According to Prof. Simone Loose, Director of the Institute for Wine and Beverage Research at the University of Geisenheim, the ProWein Business Report is the first report worldwide to quantify the global impact of Covid-19 on the different areas of the wine sector and to measure the expectations for the necessary future direction of the wine industry.
THE MOST IMPORTANT CHALLENGES
The effects of the Covid-19 crisis and the expected negative impact on the global economic situation are by far the most important challenges facing the wine industry this year. Compared to last year, the threat of climate change and health policy have receded somewhat into the background due to the acute threat of the pandemic, but are still considered important.
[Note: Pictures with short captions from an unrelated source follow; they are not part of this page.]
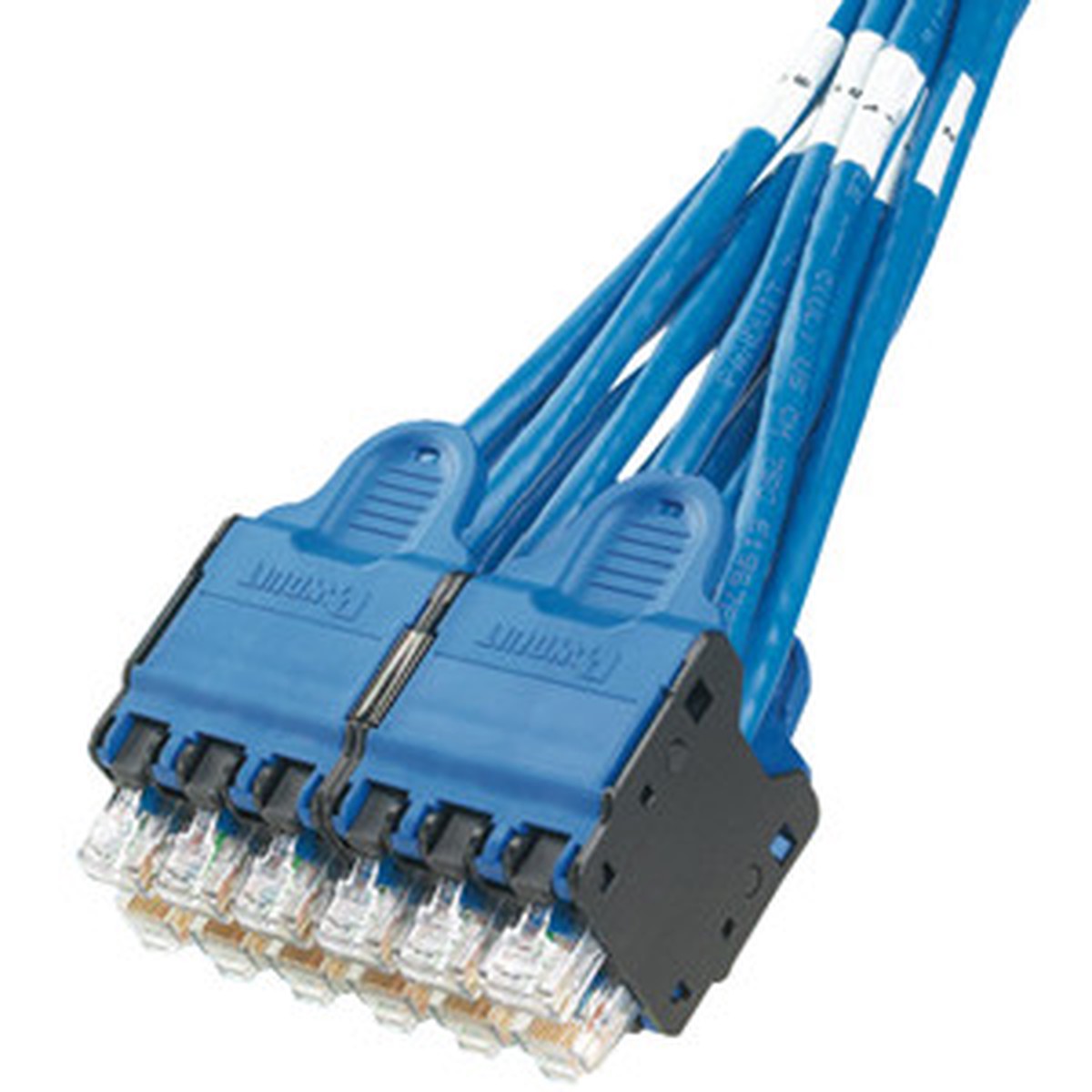 PANDUIT Cat.6 UTP Cable - QPPCCBBB07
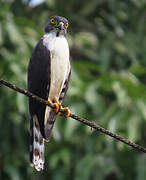 Double-toothed Kite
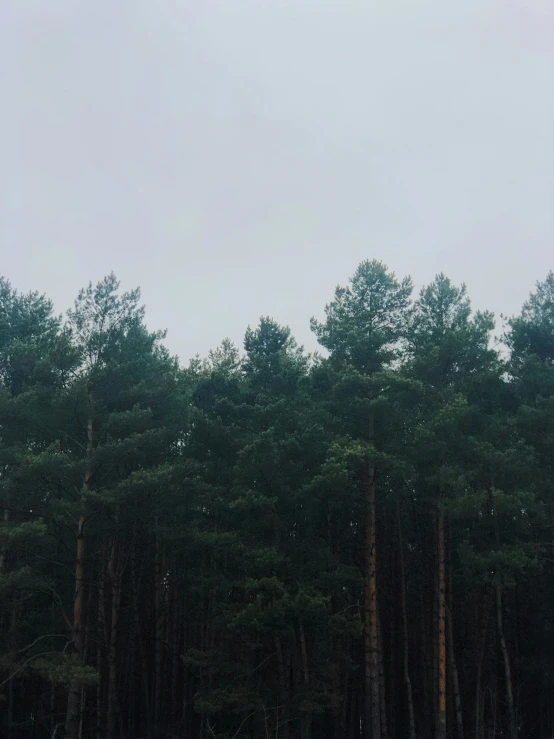 green trees line the hillside in front of an overcast sky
Effects along supply chain
As a result of global restrictions, the Covid-19 crisis has led to an abrupt change in the purchasing behaviour of consumers. In many countries there have been extensive closures and restrictions in the restaurant and hotel industry. International tourism, which is of immense importance for sales in countries such as Spain, France and Italy also came to a virtual standstill. In return, consumers were more dependent than before on buying their wine at food retailers or online.
Effects on business
The restrictions imposed by Covid-19 mainly affected restaurants and hotels, 77% of which, according to the results of the survey, had to close down at least temporarily. The hygiene measures imposed led to higher operating costs, restrictions in the services offered, lower occupancy rates and declining turnover for more than 60% of the restaurants and hotels. The whole sector suffered and still suffers from the almost complete cancellation of private and public events and festivities. Compared to restaurants and hotels, the wine trade was much less affected, with only 25% of businesses having to close and/or suffering a loss of turnover. On the other side, 38% of wine retailers reported increased sales since March 2020.
Effects on economy
Hotels and restaurants have been hit hardest economically by the closures, hygiene measures and the collapse of tourism. For about 80% of the businesses, the economic situation has deteriorated due to Covid-19, 30% of which deteriorated very strongly. Starting from a positive level in 2019, the economic situation of hotels and restaurants has thus fallen drastically to the most negative value of all examined sectors of the wine industry. In contrast, the current economic situation of the specialist wine trade is the most positive of all sectors, even if it is declining compared to the previous year. Wholesalers and importers lie between the two extremes with a significant decline but largely satisfactory economic situation.
Marketing and distrubtion
Sales to direct customers could be increased for 44% of wine producers – specifically through special offers with discounts (46%) and increased customer activation via newsletters (40%). Every fourth wine producer tried to profit from the sales increases in the food trade and online trade by negotiating new listings there.
Effects on consumer demands
The expected negative economic effects of the Covid-19 crisis will also weigh on consumers' disposable income in the future. The wine trade therefore expects wine buyers to be more price-sensitive in the future, but at the same time hopes for an increase in demand for regional and sustainably produced wines. Experts unanimously expect a slow recovery for the restaurant and hotel industry. The majority expect further restraint and caution on the part of tourists even after the crisis, and only one in three hopes for a rapid and strong increase. Therefore, hotels, restaurants and their wine suppliers still require a great deal of persistence to bridge this phase and survive economically. Every third expert is optimistic and expects a complete recovery of wine sales in the gastronomy sector after Covid-19, which also offers opportunities for new innovative business concepts.